'What Did We Learn?', Norway's Medicines Agency Asks re/C-19 Juices
63,100 submitted AE reports later, no more dedicated pharmacovigilance will be done--the poison/death juices have become normalised
Some four weeks ago, Norway’s Directorate for Medicinal Products (Direktoratet for medisinske produkter) came out with a little-noticed press release. Pompously entitled, ‘Pharmacovigilance of pandemic vaccines—what have we learnt?’, the press release contained a few boilerplate-speak things and falls, to my mind, into the category of limited hangout.
Needless to say, most legacy media outlets briefly, if very much low-key, performed some reporting™, with none that made it above the first-page fold (or its internet equivalent) in the country’s main news sources—such as state broadcaster NRK’s website or the major urban newspapers, such as Oslo’s Aftenposten (and the rest of Schibsted group’s outlets).
Yes, there was some reporting here and there (I’m offering choice quotes of select pieces below), but the main event was—a nothingburger, if there ever was one. Since that press release isn’t available in English to boot, you, my dear readers, are getting a Fackel Exclusive here and access to this content.
As always, the content of non-English pieces comes to you in my translation, with emphases and [snark] added.
Pharmacovigilance of Pandemic Vaccines—What Have we Learnt
Via the Direktoratet of medisinske produkter [DMP], 18 March 2025 [source]
It is now five years since Norway shut down as a result of the pandemic [another one of these opening lies: the country was shut down by politicos upon expert adviceâ„¢ of public health officialdom]. The first corona vaccine was administered in December 2020, and the first side effect report was published in January 2021 [there were 13 deaths reported by mid-Jan. 2021, and public health officialdom assembled a task force to white-wash the carnage]. We summarise the side effect monitoring here.
When new vaccines and medicines are put into use, we know a lot about the side effect profile through studies conducted prior to authorisation [this is as much of an admission that a) this cult’s faith in big pharma is unbroken and b) that no mistakes were made—public health officialdom may not have understood what they were doing (I doubt that) or merely deemed the risks of the poison/death juices acceptable; I also don’t think that any Norwegian—or other national—health regulator read the documentation; it was all out-sourced to the FDA and EMA, hence none of these folks is ‘responsible’]. These are listed in the package leaflet [none of them are linked, so here’s the link to the Norwegian leaflets]. However, knowledge of rare and unusual side effects is limited. Some side effects are therefore only discovered after the vaccine has been used and many people have been vaccinated. For this reason, the vaccines will be monitored as long as they are in use.
Latest Report
After almost 14 million doses have been administered, DMP has received and processed 63,100 reports of suspected side effects. Of these, 8,531 (14%) are classified as serious and 54,569 (86%) as minor [I’ll have more to say about these data below].

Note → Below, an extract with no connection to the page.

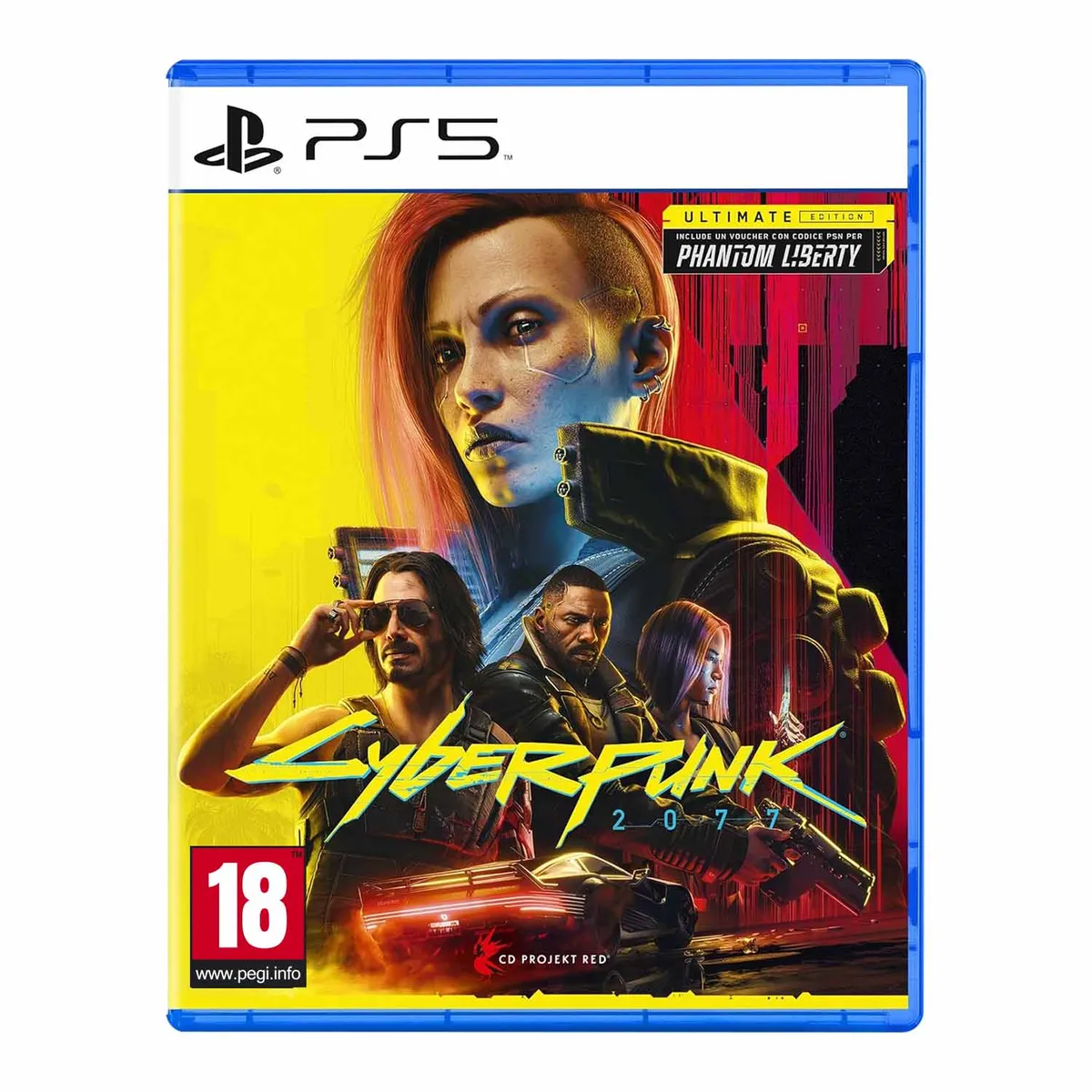 PLAYSTATION - Cyberpunk 2077 Ultimate Edition Playstation 5 Euro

This is the last adverse reaction report to be published on corona vaccines [dated 5 March 2025; direct link] Going forward, adverse reaction reports will be included in the annual report for all medicines [nothing to see here, folks].
Useful Knowledge
Access to good health registers in the Norwegian Institute of Public Health’s temporary emergency preparedness register gave us new opportunities to investigate adverse reaction signals and monitor changes in the incidence of various diseases in the population. In addition, Norway has large population surveys that can identify symptoms and conditions that are not registered in these health registries. Such analyses are important for us to be able to confirm or deny a possible connection with vaccination [so, what did you guys learn?].
It is primarily the elderly and risk groups that have recently been vaccinated [that’s a blatant lie, and it’s easily dispelled—as per the Institute of Public Health’s Covid Update for week 52/2021—entirely:
In total, as of 2 January 2022, 78% of the entire population, 91% of everyone aged 16 and older, and 91% of all people aged 18 and older have been vaccinated with at least one dose. Corresponding figures for the second dose are 71% (all), 86% (16 years and older) and 87% (18 years and older), and for the third dose 29% (all), 34% (16+) and 35% (18+).

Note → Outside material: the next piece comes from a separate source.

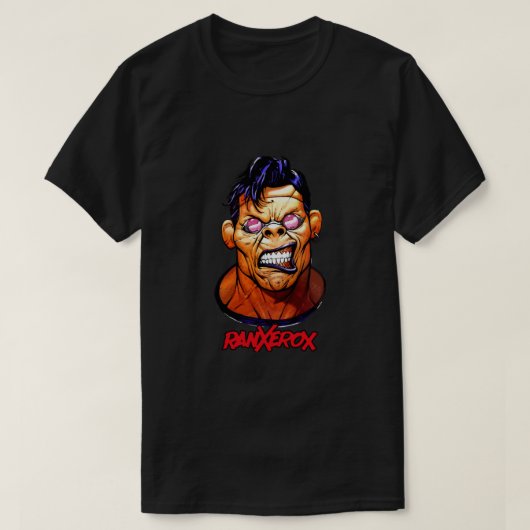 ranxerox head Classic Tシャツ (デザイン正面)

You see, it took me some 2-3 minutes to locate the old reports (they were moved), but the main point is that public health officialdom now conflates the Covid poison/death juices with the Flu shots—which means that the data they’re pushing is merely ‘seasonal’ (see the injection database SYSVAK), and by omitting the above-cited information, those few who bother to read these press releases—and those fewer still who bother to read these reports—know; this is what the normalisation of the carnage by public health officialdom looks like]

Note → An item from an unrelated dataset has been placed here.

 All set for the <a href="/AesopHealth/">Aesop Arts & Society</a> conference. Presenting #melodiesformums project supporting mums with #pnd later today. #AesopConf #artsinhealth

We are receiving fewer and fewer reports, but side effect monitoring will continue as long as the vaccines are in use [as if they’re all the same: I don’t know about you, but the data screams ‘splice’s—as these data would need to be broken down by doses received, pre-existing conditions, and different poison/death juice, that is, that’s the bare minimum—and would you care to guess™ what isn’t done in the report? All of the above, and ‘the vaccine’ is treated as if it was the same, consistent product over time]. It is still the common and well-known side effects that are reported the most, such as fever, fatigue, and joint and muscle pain. Adverse reaction monitoring has given us new and useful knowledge that has changed the use and advice on vaccination [short of taking big pharma to court, i.e., you’re useless].
Thus senior consultant Sara Viksmoen Watle at DMP.
It’s Worth Reporting AEs
The reporting scheme is an important tool in the surveillance of vaccines. The reports from healthcare professionals and the public give us signals as to whether there are incidents we should investigate further [this is, of course, BS—yes, it’s mandatory for healthcare providers to report, but as this posting from early 2022 quite clearly shows, HC professionals didn’t really submit that many AE reports, with the public doing most of the reporting]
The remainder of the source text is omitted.